Thai Airways International currently serves its three Middle Eastern ports of Dubai, Kuwait and Muscat with A330-300 aircraft, which carry high inbound load factors into its main hub, Suvarnabhumi Airport in Bangkok.
As one of the world’s top tourist destinations, Thailand has seen a significant increase in inbound traffic particularly from the Middle East, and THAI has been at the forefront of this growth.
Captain Woranate Laprabang, director Strategy Implementation and Evaluation, Corporate Planning Department, confirmed that the airline had no immediate plans to introduce high capacity aircraft such as the A380 or B747-8 to the Middle East. But he added,“If we increase the number of very high capacity aircraft from 2012 onwards, it is most likely that we would use them on the Middle East routes.”
“The Middle East routes have had double digit growth in the last few years. We view the Middle East as one of the most important markets in our network, despite strong competition from Middle Eastern based carriers.”
Captain Woranate did not rule out THAI eventually flying to other Middle Eastern destinations such as Abu Dhabi, Amman and Beirut, but no decisions have been confirmed on these routes, although Captain Woranate said destinations such as Abu Dhabi and Amman “have very good potential.”
“The Middle East load factors are very good, especially to Dubai where they are more than 80 per cent. We are looking for the opportunity to increase more frequencies, probably in the near future. The Kuwait and Muscat routes are not as popular as Dubai at the moment. However, we are watching demand closely as we believe they have good potential.
“For Muscat, we just amended our schedules from Bangkok-Karachi-Muscat and have started flying three direct flights per week to Muscat last year. If the demand increases we could consider more flights there in two to five years.”
“We are taking a long term view as we see the potential in the Middle East. Our strategy for the Middle East market is one of careful growth. We do not plan to be overly aggressive as there is already a lot of competition on these routes. We will gradually increase our capacity as the demand increases, and when we see which routes are profitable. We do not want to put too much capacity in until we have done this type of assessment.”
A measure of how seriously THAI takes the Middle East market is the introduction of a large halal food catering division at Suvarnabhumi Airport. THAI Catering Services provides up to 4,000 Halal meals a day for its own flights to a large number of Muslim countries.
Captain Woranate said that THAI’s longer term strategy elsewhere in the Asian region was to identify demand to specific cities and evaluate whether to increase capacity or not.
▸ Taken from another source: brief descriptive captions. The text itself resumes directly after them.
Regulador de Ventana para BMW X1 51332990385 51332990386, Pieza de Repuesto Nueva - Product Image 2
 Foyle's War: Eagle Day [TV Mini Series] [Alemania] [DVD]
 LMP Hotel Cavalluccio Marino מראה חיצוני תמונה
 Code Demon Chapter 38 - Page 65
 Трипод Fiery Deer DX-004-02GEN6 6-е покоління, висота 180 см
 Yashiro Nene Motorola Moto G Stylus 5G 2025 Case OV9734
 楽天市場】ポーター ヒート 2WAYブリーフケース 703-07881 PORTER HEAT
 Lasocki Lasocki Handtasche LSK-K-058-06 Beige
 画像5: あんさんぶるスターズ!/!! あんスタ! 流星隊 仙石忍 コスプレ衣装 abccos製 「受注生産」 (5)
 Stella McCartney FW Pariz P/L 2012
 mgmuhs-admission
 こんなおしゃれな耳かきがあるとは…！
In 2008, its 48th year as an airline, THAI has 84 aircraft which fly to 63 international destinations and 12 domestic ports.
The THAI fleet strategy, signed off by the board of directors, is to increase the current fleet of 84 aircraft to 118 by the end of 2017.
From April 2009 THAI will start delivery of the A330-300s, some of which will be used on the Middle East routes.The A380 will be introduced into the THAI fleet with four in 2010 and two in 2011.